Prior Commission on Ethics opinions have advised that this provision applies only to the activities of the public officer and not to those of a spouse. See CEO's 88-33, 88-35, and 87-50. As long as you have no employment or contractual relationship with your husband's business, this section would not apply.
Although there is no provision in the Code of Ethics prohibiting your husband's interaction with City Departments in connection with his business interests, several cautions are in order with regard to his activities. First, should you acquire any employment or contractual relationship with your husband's business, Section 112.313(7)(a) would be implicated. Secondly, you may not in any way use your position to aid his interactions with City personnel. Any efforts to speak with City employees on his behalf, for example, may be violative of Section 112.313(6), Florida Statutes. That section provides:
MISUSE OF PUBLIC POSITION.--No public officer or employee of an agency shall corruptly use or attempt to use his official position or any property or resource which may be within his trust, or perform his official duties, to secure a special privilege, benefit, or exemption for himself or others. This section shall not be construed to conflict with s. 104.31.
Also, while this section does not apply directly to the spouse of a public officer, using that status in dealings with City employees could create the impression that your future actions involving the same employee are related to that employee's conduct with regard to your spouse.

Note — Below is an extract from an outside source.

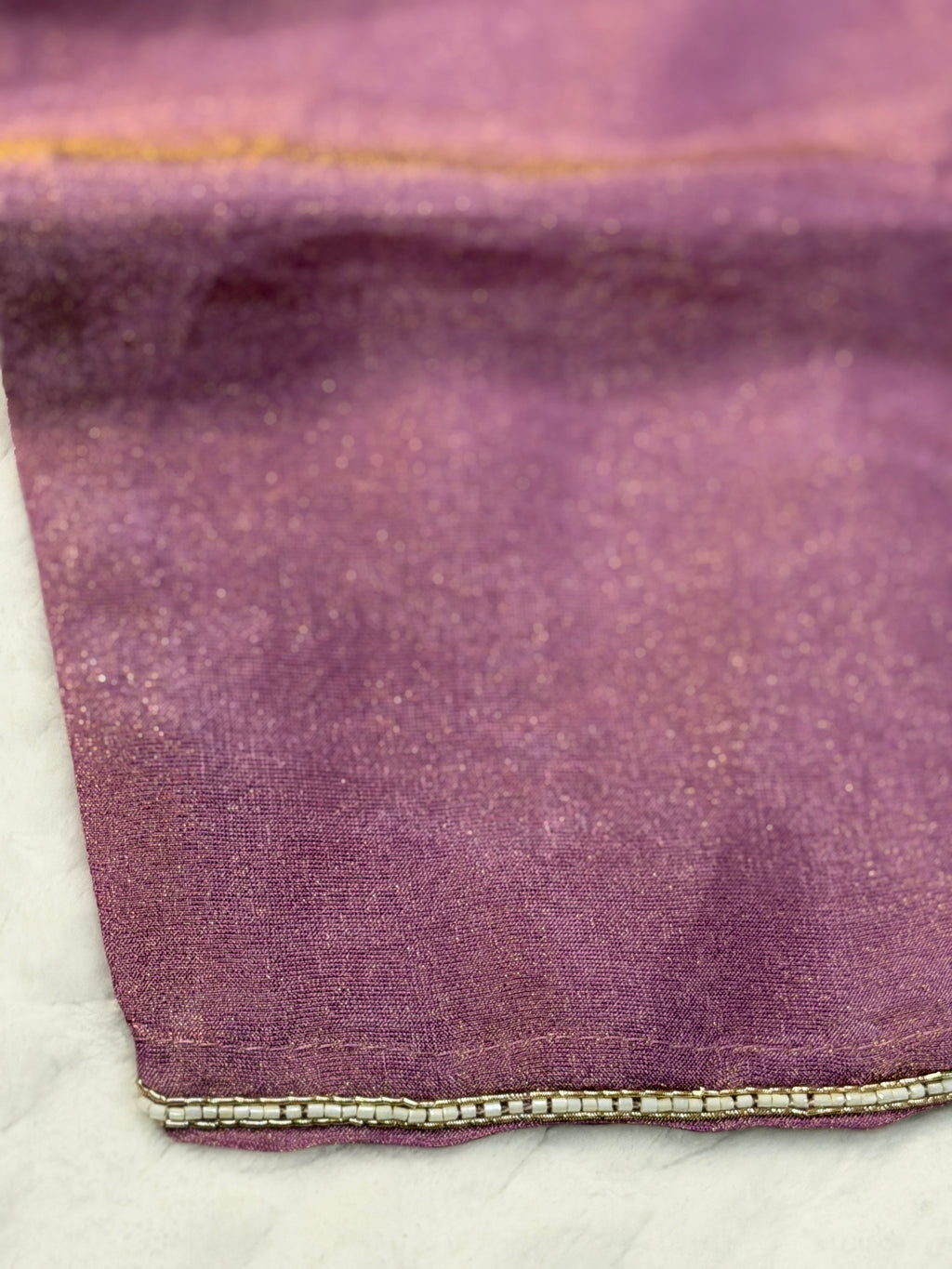 Purple color 3 piece straight Dress with scallop border Work | Festive Collection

Thirdly, if you were to supply your husband with any information not available to members of the general public that you acquired as a result of your position for his personal gain, you would be in violation of Section 112.313(8), Florida Statutes. That section states:
DISCLOSURE OR USE OF CERTAIN INFORMATION.--No public officer or employee of an agency shall disclose or use information not available to members of the general public and gained by reason of his official position for his personal gain or benefit or for the personal gain or benefit of any other person or business entity.
Lastly, as you correctly note in your letter of inquiry, you may not vote on any matters coming before the Commission which could inure to the special private gain of your husband. Section 112.3143(3), Florida Statutes, provides:
No county, municipal, or other local public officer shall vote in his official capacity upon any measure which inures to his special private gain or shall knowingly vote in his official capacity upon any measure which inures to the special gain of any principal, other than an agency as defined in s. 112.312(2), by whom he is retained. Such public officer shall, prior to the vote being taken, publicly state to the assembly the nature of his interest in the matter from which he is abstaining from voting and, within 15 days after the vote occurs, disclose the nature of his interest as a public record in a memorandum filed with the person responsible for recording the minutes of the meeting, who shall incorporate the memorandum in the minutes. However, a commissioner of a community redevelopment agency created or designated pursuant to s. 163.356 or s. 163.357 or an officer of an independent special tax district elected on a one-acre, one-vote basis is not prohibited from voting.
Accordingly, with the above cautions, we find that no prohibited conflict of interest would be created were your spouse to engage in real estate brokerage and consulting services which involve contacts with City Departments where you serve as a City Commissioner.